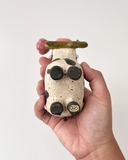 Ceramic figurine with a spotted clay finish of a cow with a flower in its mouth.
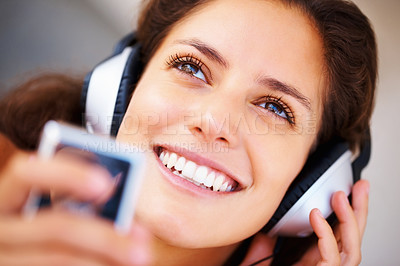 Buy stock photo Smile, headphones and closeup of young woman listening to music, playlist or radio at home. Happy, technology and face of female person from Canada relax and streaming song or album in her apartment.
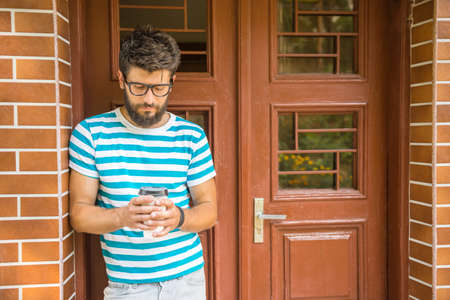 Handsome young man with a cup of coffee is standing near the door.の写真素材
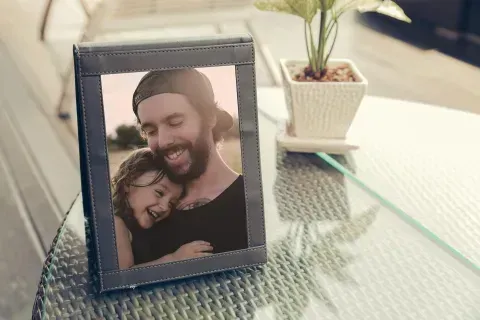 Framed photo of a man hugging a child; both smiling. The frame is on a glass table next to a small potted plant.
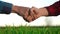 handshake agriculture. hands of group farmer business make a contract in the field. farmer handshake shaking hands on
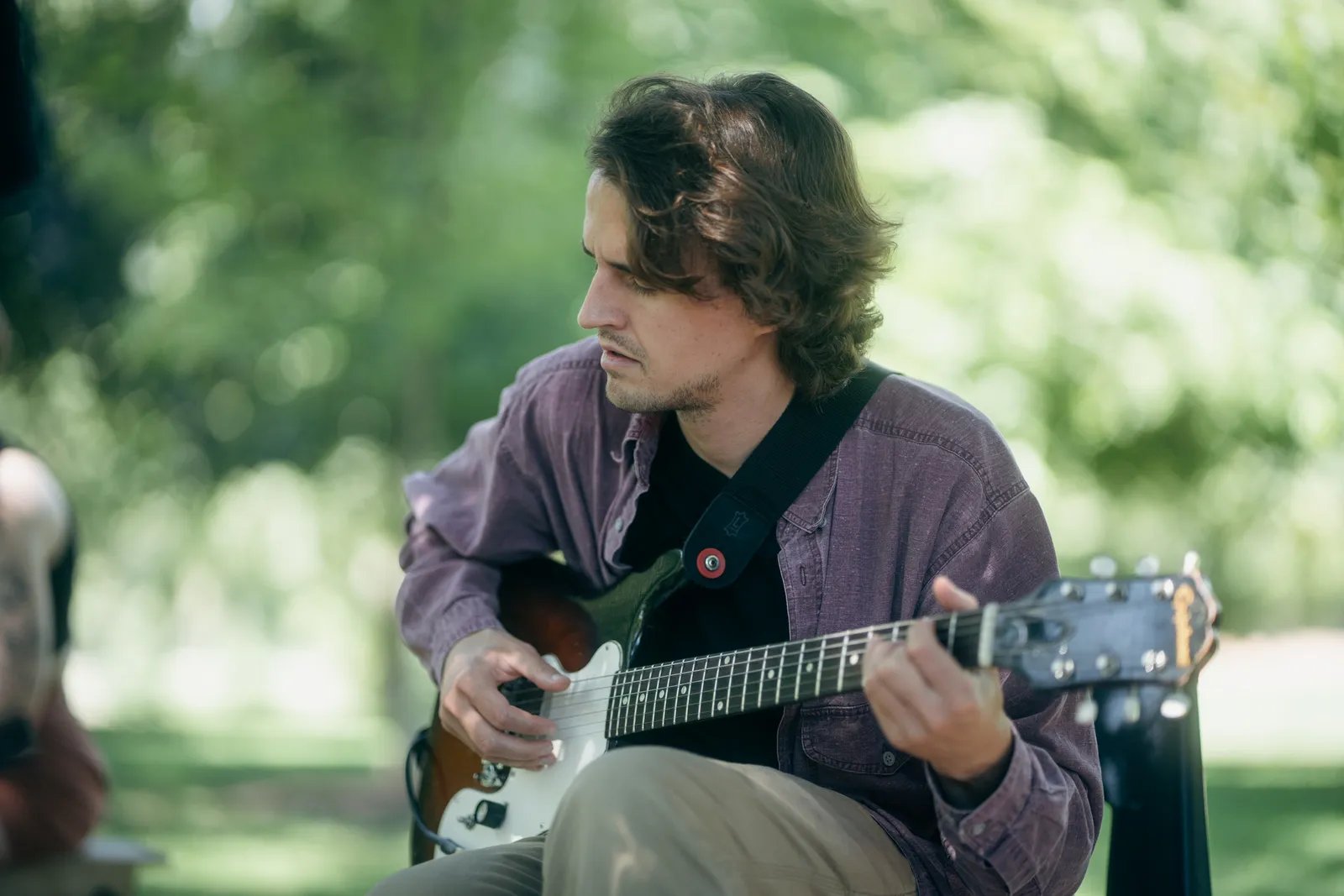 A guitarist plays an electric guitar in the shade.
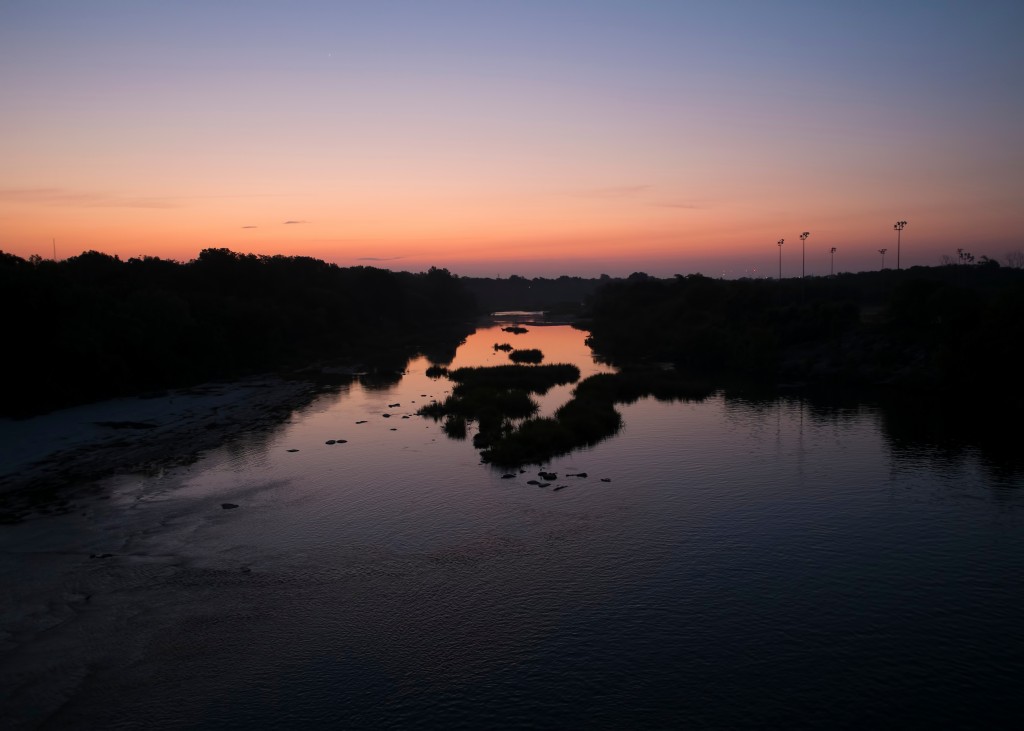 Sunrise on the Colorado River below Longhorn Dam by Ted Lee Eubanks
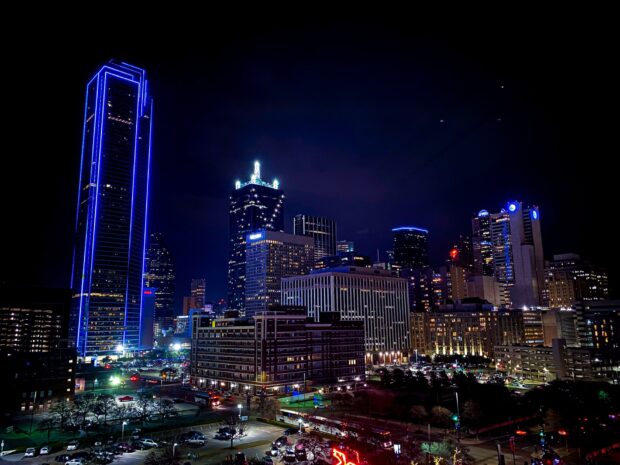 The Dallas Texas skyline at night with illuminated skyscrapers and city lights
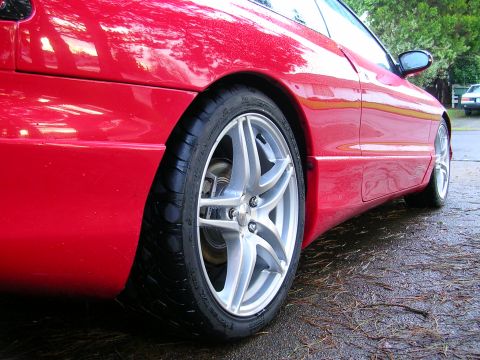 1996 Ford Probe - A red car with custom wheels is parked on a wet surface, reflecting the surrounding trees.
*-*-*
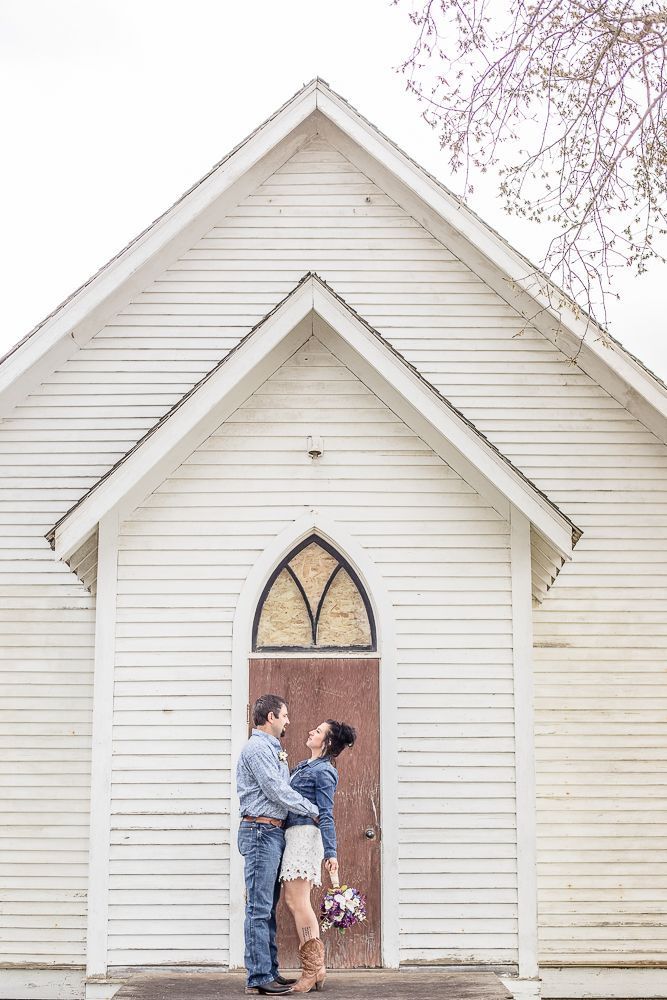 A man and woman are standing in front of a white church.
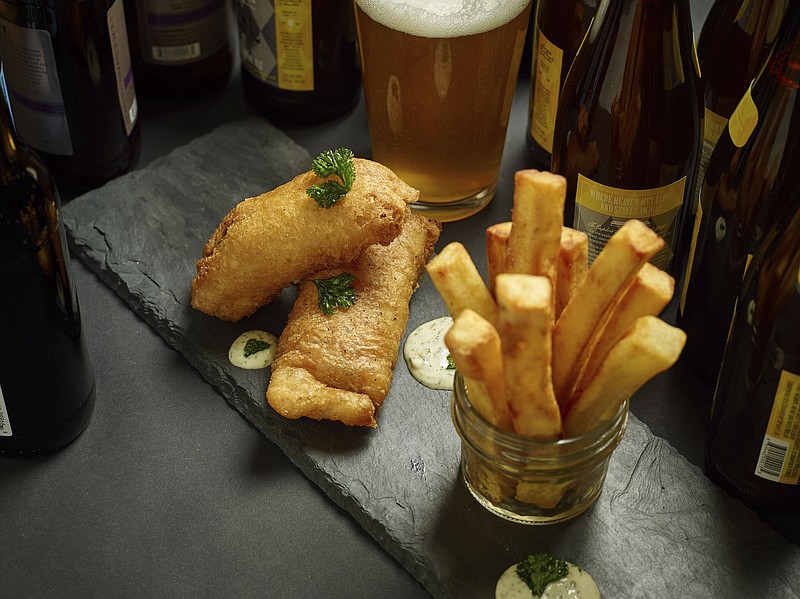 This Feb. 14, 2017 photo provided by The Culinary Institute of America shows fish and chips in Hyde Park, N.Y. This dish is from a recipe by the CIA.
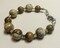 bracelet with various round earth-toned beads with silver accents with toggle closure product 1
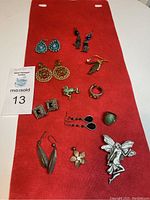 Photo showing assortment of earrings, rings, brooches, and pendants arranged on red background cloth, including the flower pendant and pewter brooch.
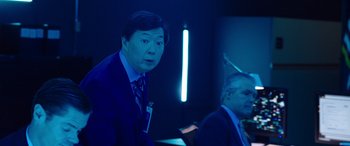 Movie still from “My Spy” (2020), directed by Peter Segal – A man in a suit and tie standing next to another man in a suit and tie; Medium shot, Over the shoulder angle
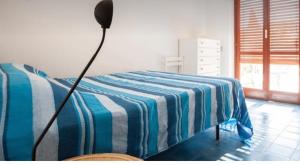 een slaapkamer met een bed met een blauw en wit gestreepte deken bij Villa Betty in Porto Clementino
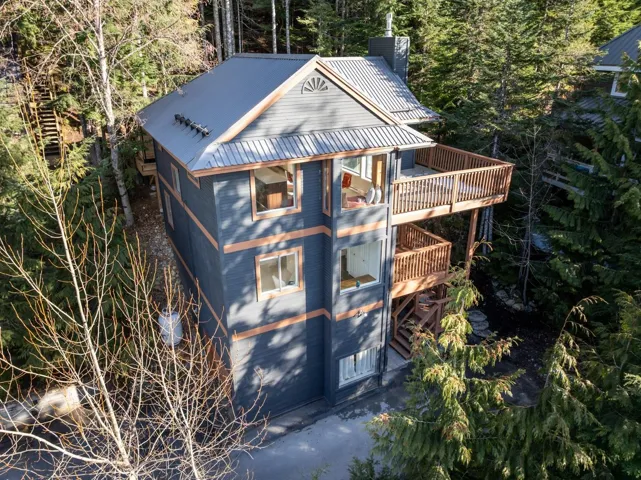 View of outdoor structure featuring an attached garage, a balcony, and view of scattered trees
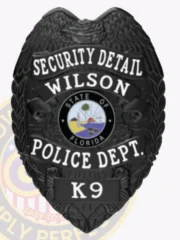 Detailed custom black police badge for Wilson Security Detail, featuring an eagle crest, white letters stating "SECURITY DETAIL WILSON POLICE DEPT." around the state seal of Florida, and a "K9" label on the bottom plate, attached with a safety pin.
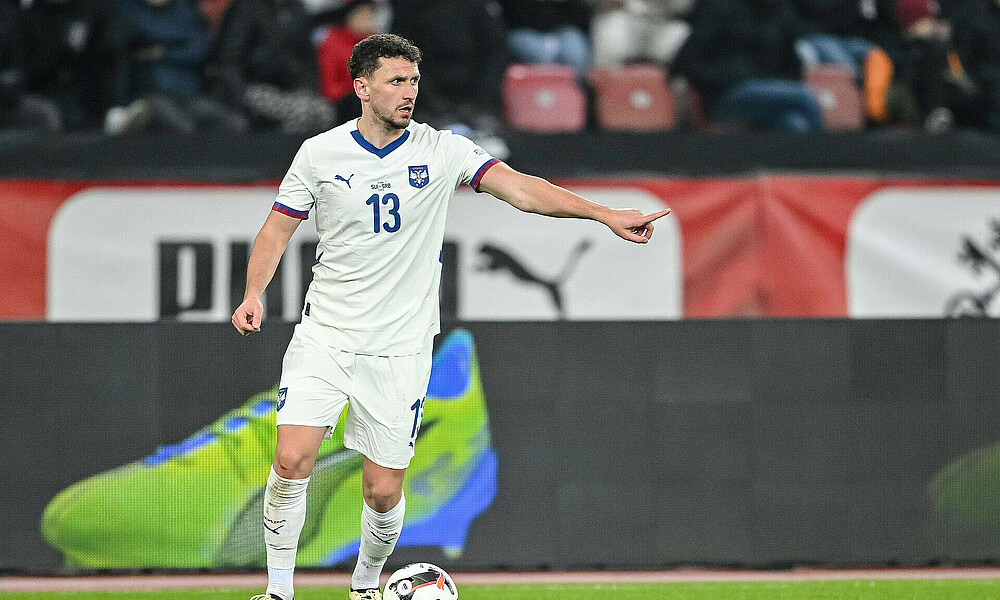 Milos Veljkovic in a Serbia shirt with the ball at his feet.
*-*-*
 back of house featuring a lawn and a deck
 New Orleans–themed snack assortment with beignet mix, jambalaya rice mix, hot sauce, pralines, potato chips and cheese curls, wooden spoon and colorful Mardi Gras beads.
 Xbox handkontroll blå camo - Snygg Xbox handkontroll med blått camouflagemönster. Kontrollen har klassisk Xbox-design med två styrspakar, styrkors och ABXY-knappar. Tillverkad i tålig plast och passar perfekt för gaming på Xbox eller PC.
*-*-*
## ACTION ITEM
Return only the stretch above from the line containing "handshake agriculture. hands" through the line containing "1996 Ford Probe", word for word and without pictures.

## TASK RESULT
 handshake agriculture. hands of group farmer business make a contract in the field. farmer handshake shaking hands on
 A guitarist plays an electric guitar in the shade.
 Sunrise on the Colorado River below Longhorn Dam by Ted Lee Eubanks
 The Dallas Texas skyline at night with illuminated skyscrapers and city lights
 1996 Ford Probe - A red car with custom wheels is parked on a wet surface, reflecting the surrounding trees.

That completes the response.